Other Income                       0.6         0.3                     -
                              -------------------------     -----------------
Income (Loss) Before Income 
  Taxes                          (82.4)      (31.0)                  3.0
Income Tax Benefit (Expense)      31.2        12.1                  (1.0)
                              -------------------------     -----------------
Net Income (Loss)                (51.2)%     (18.9)%                 2.0 %
                              -------------------------     -----------------
                              -------------------------     -----------------

COMPARISON OF THE SIX  MONTHS ENDED JUNE 30, 1996 AND 1995

     NET SALES.  Net sales for the six months ended June 30, 1996 decreased
43.5% to $2,685,000 from $4,751,000 for the same period in 1995 as a result of
the Company's business strategy to further develop, support and produce "Morrow"
branded products and reduce OEM sales.  The sale of snowboards for the six
months ended June 30, 1996 decreased 47.4% to $2,009,000 from $3,822,000 for the
same period a year ago. For the six months ended June 30, 1996, "Morrow" branded
snowboards represented 74.5% of net sales compared to 10.7% for the six months
ended June 30, 1995. OEM snowboard sales were $8,000 for the six months ended
June 30, 1996 compared to $3,314,000 for the six months ended June 30, 1995,
representing 0.3% and 69.8% of net sales, respectively.  As a percentage of net
sales, snowboards represented 74.8% for the six months ended June 30, 1996
compared to 80.4% for the six months ended June 30, 1995. The sale of bindings
decreased 29.3% to $482,000 for the six months ended June 30, 1996 from $682,000
for the six months ended June 30, 1995.  The sale of boots increased 101.8% to
$113,000 for the six months ended June 30, 1996 compared to $56,000 for the same
period in 1995. As a percentage of net sales, binding sales represented 18.0%
for the six months ended June 30, 1996 compared to 14.4% for the six months
ended June 30, 1995. Boot sales represented 4.2% of net sales for the six months
ended June 30, 1996 compared to 1.2% for the six months ended June 30, 1995. 
The decrease in binding sales is the result of the Company's shift in emphasis
toward "Morrow" branded product, the majority of which is delivered in the last
two quarters of the year, and away from OEM product, which is normally delivered
in the first and second quarters of the year.  The increase in boot sales is the
result of the closeout of 1995/96 season boots during the first quarter of 1996.

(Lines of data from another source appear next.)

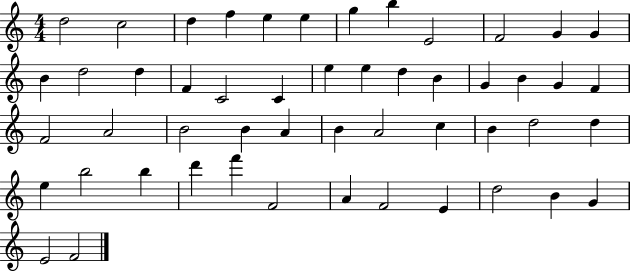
D5/h C5/h D5/q F5/q E5/q E5/q G5/q B5/q E4/h F4/h G4/q G4/q B4/q D5/h D5/q F4/q C4/h C4/q E5/q E5/q D5/q B4/q G4/q B4/q G4/q F4/q F4/h A4/h B4/h B4/q A4/q B4/q A4/h C5/q B4/q D5/h D5/q E5/q B5/h B5/q D6/q F6/q F4/h A4/q F4/h E4/q D5/h B4/q G4/q E4/h F4/h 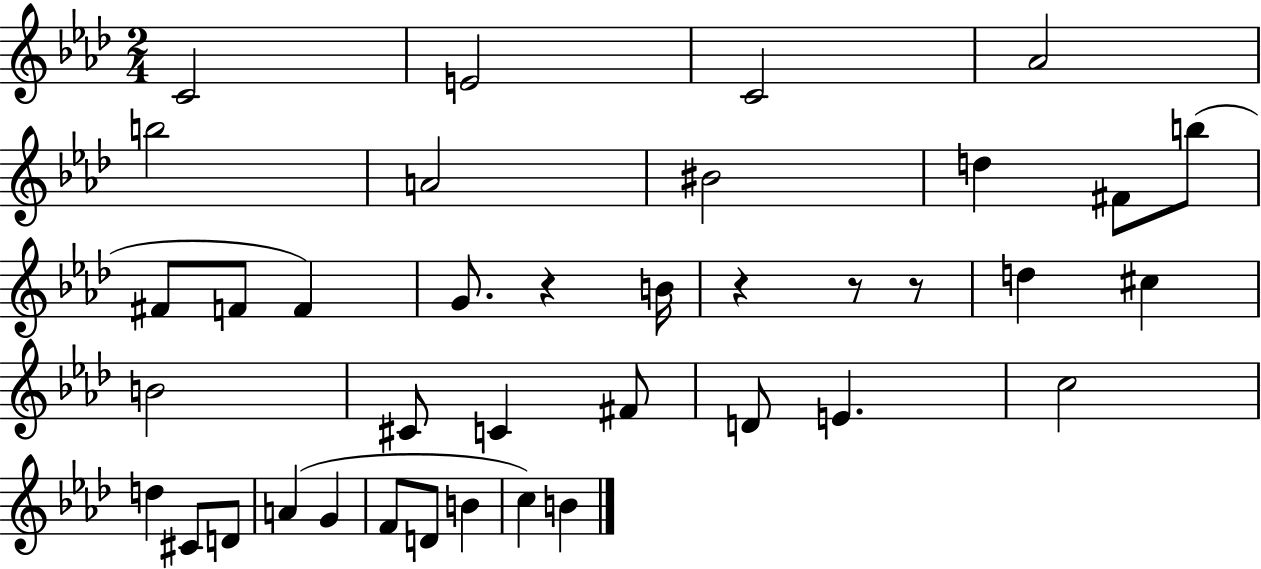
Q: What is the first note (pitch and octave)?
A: C4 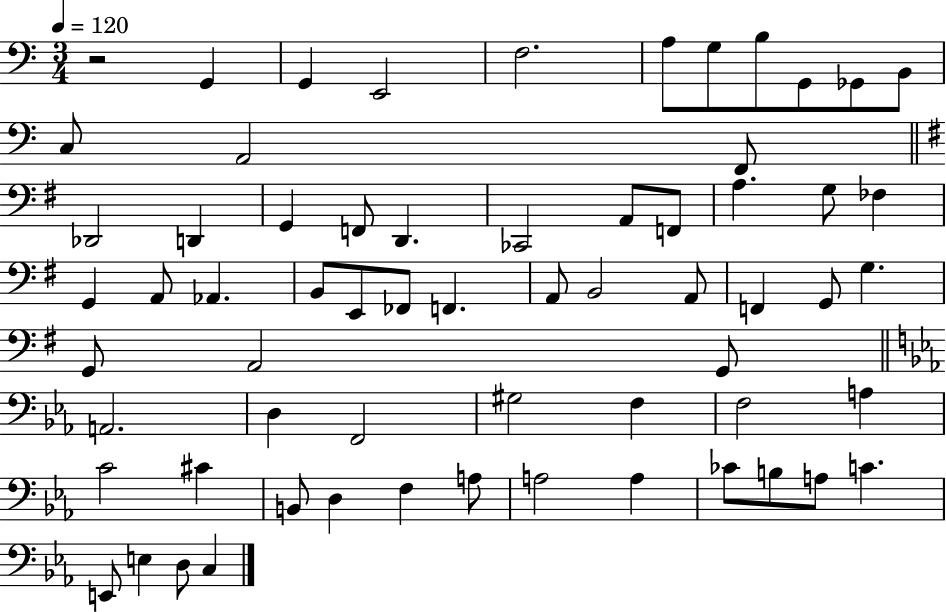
R/h G2/q G2/q E2/h F3/h. A3/e G3/e B3/e G2/e Gb2/e B2/e C3/e A2/h F2/e Db2/h D2/q G2/q F2/e D2/q. CES2/h A2/e F2/e A3/q. G3/e FES3/q G2/q A2/e Ab2/q. B2/e E2/e FES2/e F2/q. A2/e B2/h A2/e F2/q G2/e G3/q. G2/e A2/h G2/e A2/h. D3/q F2/h G#3/h F3/q F3/h A3/q C4/h C#4/q B2/e D3/q F3/q A3/e A3/h A3/q CES4/e B3/e A3/e C4/q. E2/e E3/q D3/e C3/q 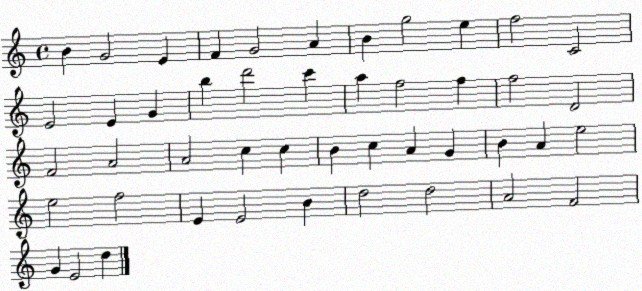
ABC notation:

X:1
T:Untitled
M:4/4
L:1/4
K:C
B G2 E F G2 A B g2 e f2 C2 E2 E G b d'2 c' a f2 f f2 D2 F2 A2 A2 c c B c A G B A e2 e2 f2 E E2 B d2 d2 A2 F2 G E2 d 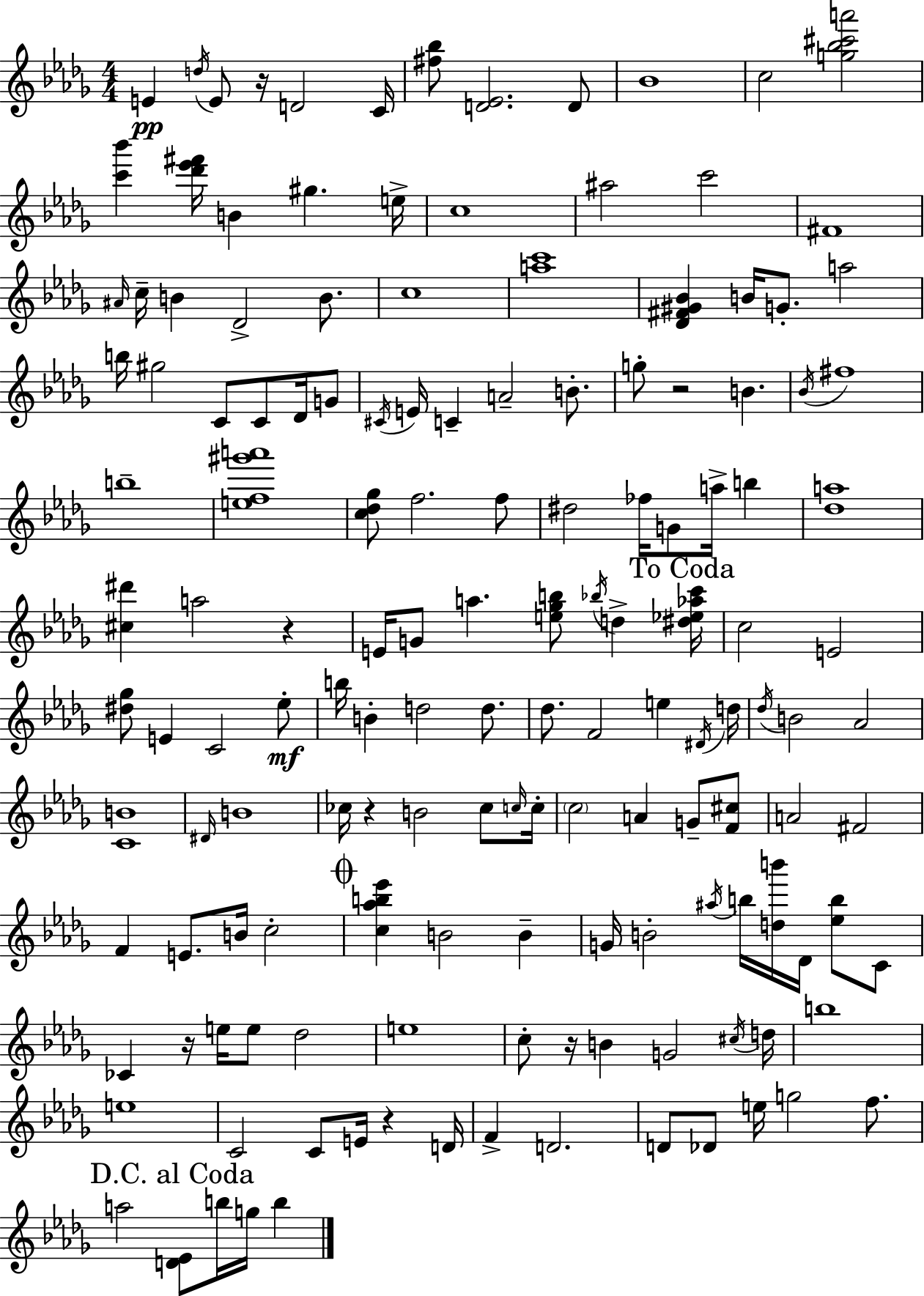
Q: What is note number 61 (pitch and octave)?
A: D5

                                          11

<PAGE>

     GROSS PROFIT.  Gross profit for the six months ended June 30, 1996
decreased 35.0% to $750,000 from $1,154,000 for the same period in 1995 as a
result of the overall decrease in sales.  Total gross margin for the second
quarter of 1996 increased 16.6% to 31.9% from 15.3% in the first quarter for a
combined 27.9% for the six months ended June 30, 1996, compared to 24.3% for the
six months ended June 30, 1995, an increase of 3.6% on a year-to-year basis.
This is largely a result of the increased sales of "Morrow" branded snowboards,
which have higher margins relative to OEM snowboards.

     SELLING, MARKETING AND CUSTOMER SERVICE.  Selling, marketing and customer
service expenses for the six months ended June 30, 1996 increased 33.5% to
$1,614,000 from $1,209,000 for the same period in 1995, representing 60.1% and
25.4% of net sales, respectively.  The Company's growth required increased
expenses associated with additional staff, increased promotion and marketing
activities, trade show expenses and travel expenses, as well as the
implementation of an on-hill "tech rep" program and the establishment of a
product management department.  As a percentage of net sales, staff and
employee-related expenses increased 7.1%, promotion and marketing expenses
increased 12.6%, trade show expenses increased 1.4% and travel expenses
increased 2.3%.  The on-hill "tech rep" program, which represented 1.4% of net
sales in the first six months of 1996, was implemented in late 1995.  In
addition, the Company created a product management department in the second
quarter of 1996.  Product management consulting services represented 1.5% of net
sales for the first six months of 1996.  All other expense categories also
increased as a percentage of net sales on a period-to-period basis because of
the reduction in sales.

     ENGINEERING, RESEARCH AND PRODUCT DEVELOPMENT.  Engineering, research and
product development expenses for the six months ended June 30, 1996 increased
9.0% to $365,000 from $335,000 for the six months ended June 30, 1995,
representing 13.6% and 7.1% of net sales, respectively.  This increase was
primarily due to additional staff and employee-related expenses.  As a
percentage of net sales, staff and employee-related expenses increased 4.3%. 
All other expense categories also increased as a percentage of net sales on a
period-to-period basis because of the reduction in sales.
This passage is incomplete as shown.